Wednesday, September 19, 2012

The Victim (2011)


Unless you're like me and you have undertaken a responsibility to watch any and every horror movie that hits the shelves, you can probably skip The Victim and be perfectly fine with your life.  It's not that it's a bad film; it just doesn't deliver anything worth watching.  There were several times when I contemplated turning it off and doing something more useful, but I had awaited the BluRay from Netflix long enough to warrant sticking it out and hoping for the best.  And though there was never really any payoff, there were plenty of little moments of charm (even if they weren't intended the way I took them) that keep me going to the end.

The plot is fairly simple, as is the cast and setting.  Two cops are engaging in illicit activities with a couple of strippers out in the middle of wooded nowhere.  When things take a wrong turn, one of the strippers, wearing heeled boots, is able to outrun two in-shape cops and make it to a little cabin where a man seeking solitude, and (as we find out) reformation from his old ways, is there to take her in and help with the situation.  So, yeah, pretty simple setup.  And, again, sort of like a simple Troma plot (e.g.

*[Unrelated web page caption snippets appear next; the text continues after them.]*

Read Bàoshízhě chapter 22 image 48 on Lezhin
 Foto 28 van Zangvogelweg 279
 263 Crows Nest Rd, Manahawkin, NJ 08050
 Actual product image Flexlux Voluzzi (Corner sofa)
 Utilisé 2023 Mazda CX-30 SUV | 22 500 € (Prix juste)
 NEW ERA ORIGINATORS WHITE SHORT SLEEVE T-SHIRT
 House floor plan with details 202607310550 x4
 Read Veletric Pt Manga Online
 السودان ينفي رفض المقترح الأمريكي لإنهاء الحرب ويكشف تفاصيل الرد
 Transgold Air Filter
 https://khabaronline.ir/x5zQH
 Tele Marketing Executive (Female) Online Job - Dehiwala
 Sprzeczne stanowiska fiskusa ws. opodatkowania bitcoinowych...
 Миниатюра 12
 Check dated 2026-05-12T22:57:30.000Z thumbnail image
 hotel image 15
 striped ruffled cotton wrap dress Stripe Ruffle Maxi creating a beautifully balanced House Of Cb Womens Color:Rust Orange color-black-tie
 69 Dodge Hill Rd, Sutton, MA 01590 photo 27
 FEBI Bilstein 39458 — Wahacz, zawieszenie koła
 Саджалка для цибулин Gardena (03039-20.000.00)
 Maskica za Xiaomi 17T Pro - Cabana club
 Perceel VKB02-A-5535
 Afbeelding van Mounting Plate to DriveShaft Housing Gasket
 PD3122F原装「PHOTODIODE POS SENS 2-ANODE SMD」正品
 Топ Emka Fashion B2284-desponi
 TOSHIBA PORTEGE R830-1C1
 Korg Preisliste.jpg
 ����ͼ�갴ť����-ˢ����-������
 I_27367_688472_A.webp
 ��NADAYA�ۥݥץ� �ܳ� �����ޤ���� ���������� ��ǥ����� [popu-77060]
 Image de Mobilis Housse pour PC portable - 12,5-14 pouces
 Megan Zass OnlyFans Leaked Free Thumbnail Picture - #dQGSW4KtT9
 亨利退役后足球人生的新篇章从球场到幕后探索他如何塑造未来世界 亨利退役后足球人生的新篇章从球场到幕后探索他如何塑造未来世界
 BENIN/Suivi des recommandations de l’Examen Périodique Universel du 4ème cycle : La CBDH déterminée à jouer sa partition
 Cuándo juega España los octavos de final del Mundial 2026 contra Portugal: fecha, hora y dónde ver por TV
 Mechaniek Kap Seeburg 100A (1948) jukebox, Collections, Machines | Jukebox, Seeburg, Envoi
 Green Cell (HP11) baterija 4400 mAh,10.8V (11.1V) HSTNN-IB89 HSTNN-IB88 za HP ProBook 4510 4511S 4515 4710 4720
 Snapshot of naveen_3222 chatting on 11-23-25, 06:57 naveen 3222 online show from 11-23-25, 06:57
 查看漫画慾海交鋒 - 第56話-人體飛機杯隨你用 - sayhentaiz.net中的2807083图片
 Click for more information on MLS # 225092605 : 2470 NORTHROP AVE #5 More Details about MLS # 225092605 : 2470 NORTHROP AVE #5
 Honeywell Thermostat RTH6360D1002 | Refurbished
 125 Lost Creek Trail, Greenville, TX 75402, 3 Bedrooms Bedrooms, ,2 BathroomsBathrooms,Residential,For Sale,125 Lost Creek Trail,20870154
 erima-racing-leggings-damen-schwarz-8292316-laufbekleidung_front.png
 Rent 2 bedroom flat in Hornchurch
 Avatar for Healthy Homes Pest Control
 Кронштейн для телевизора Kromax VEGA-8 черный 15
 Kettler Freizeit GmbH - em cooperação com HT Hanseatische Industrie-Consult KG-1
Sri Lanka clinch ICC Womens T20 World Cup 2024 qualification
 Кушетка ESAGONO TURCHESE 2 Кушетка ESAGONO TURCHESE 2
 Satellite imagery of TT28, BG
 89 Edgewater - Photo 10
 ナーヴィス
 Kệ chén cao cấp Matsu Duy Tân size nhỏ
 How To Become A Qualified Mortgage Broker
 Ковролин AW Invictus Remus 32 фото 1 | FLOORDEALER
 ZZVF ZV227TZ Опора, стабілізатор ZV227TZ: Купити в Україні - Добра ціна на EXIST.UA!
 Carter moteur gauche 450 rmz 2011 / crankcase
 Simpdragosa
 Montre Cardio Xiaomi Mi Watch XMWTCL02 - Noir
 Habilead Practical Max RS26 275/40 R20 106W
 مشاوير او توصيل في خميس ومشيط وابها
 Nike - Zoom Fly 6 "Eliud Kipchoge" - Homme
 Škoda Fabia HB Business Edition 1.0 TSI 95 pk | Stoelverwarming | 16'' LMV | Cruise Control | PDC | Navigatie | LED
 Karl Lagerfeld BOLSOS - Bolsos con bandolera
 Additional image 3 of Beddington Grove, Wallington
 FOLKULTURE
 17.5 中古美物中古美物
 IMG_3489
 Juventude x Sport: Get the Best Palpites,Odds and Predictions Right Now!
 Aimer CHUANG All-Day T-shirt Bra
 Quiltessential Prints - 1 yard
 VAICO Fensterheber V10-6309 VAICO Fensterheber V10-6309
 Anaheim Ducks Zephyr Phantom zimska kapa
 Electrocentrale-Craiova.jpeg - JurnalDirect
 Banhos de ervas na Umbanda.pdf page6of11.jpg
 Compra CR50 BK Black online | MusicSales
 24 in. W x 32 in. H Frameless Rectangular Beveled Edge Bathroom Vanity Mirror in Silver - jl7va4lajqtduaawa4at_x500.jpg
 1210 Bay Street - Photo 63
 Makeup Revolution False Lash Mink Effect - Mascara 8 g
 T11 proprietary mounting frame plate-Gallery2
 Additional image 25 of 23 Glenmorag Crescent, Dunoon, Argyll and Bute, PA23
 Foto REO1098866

Mother's Day, where a group of criminals barge in on a group of friends), the setup and action takes place quickly, leaving the remainder of the film to be creative with sparse materials.  So, we get the usual format of twisted cop versus civilian, and the tables turn a couple times, etc.  Unfortunately the space for creativity is filled in with plenty of runtime padding, especially the opening credits.  Oh, and by the way, this is apparently based on a true story.

As I said, the plot is as simple as the cast and the setting.  It's a very small cast--and, in fact, the end credits spend a lot of time saluting the crew more so than the cast, which was pretty cool.  Each crew member, down to the gaffer, is presented in full-screen with his or her name and role, one at a time.  I think this was a nice token of appreciation on part of, I'm assuming, writer-director-actor Michael Biehn.  And I can't fault the film for its setting either, as some of my favorite movies take place entirely in the woods and at a cabin (Evil Dead!).  But, again with the padding: the sequences of driving around!  Yes, we get that they are in the middle of nowhere!  And why were the SUV's headlights off most of the time, in the woods, in the middle of the night?

The acting was mostly atrocious, especially between Michael Biehn and real-life spouse Jennifer Blanc.  For people who are actually married, their on-screen interaction was rigid, forced, unnatural.  Perhaps being married was the problem?  But I've seen better interaction (Courtney Cox and David Arquette, even after all their personal, media-ridiculed shenanigans) between married couples on-screen.  In any case, the dialogue between these two was painful to watch.  Which eventually led me back to thinking that this was deliberate.  That the film really was supposed to be a cheesy throwback.  What would've helped is if there had been more of the fan-favorite Danielle Harris, who only really appears in flashbacks.  Overall, it seemed to me that Ryan Honey was having the most fun with his role.

Despite its flaws--the padding, the poor dialogue, the overly simple and reused setup--The Victim does deliver some amusing elements.  Michael Biehn's macho-coolguy demeanor was entertaining.  There's a moment when he starts yelling at Jennifer Blanc to "stop yelling at me" when she wasn't really yelling at all.  It was kind of amusing in that I felt I got a glimpse at what arguments and other forms of domestic bickering are like for the two.  In the end, though, the most irritating part of my experience was my constant wondering about what this film was trying to be.  At times it felt like an homage to the old Troma films; at other times it felt like it was blatantly cheesy; but still, at other times I could tell it was taking itself way too seriously.  There was some gratuitous use of Blanc and Harris that will probably, unfortunately, be the only reason most people watch the movie (sort of like The Brown Bunny).